=== EXERCISE AIM ===
Reproduce every entry exactly as written.

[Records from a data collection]
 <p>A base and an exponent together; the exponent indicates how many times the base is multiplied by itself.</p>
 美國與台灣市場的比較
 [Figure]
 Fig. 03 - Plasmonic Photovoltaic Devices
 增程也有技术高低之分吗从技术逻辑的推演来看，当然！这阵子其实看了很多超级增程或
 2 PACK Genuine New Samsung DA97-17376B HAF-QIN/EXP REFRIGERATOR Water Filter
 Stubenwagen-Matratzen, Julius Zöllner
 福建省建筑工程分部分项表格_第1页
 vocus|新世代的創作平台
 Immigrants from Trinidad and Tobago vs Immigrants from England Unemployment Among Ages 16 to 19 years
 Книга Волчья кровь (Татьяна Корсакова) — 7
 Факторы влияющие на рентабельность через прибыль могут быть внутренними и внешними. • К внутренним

=== RESULT OF THIS EXERCISE ===
 <p>A base and an exponent together; the exponent indicates how many times the base is multiplied by itself.</p>
 美國與台灣市場的比較
 [Figure]
 Fig. 03 - Plasmonic Photovoltaic Devices
 增程也有技术高低之分吗从技术逻辑的推演来看，当然！这阵子其实看了很多超级增程或
 2 PACK Genuine New Samsung DA97-17376B HAF-QIN/EXP REFRIGERATOR Water Filter
 Stubenwagen-Matratzen, Julius Zöllner
 福建省建筑工程分部分项表格_第1页
 vocus|新世代的創作平台
 Immigrants from Trinidad and Tobago vs Immigrants from England Unemployment Among Ages 16 to 19 years
 Книга Волчья кровь (Татьяна Корсакова) — 7
 Факторы влияющие на рентабельность через прибыль могут быть внутренними и внешними. • К внутренним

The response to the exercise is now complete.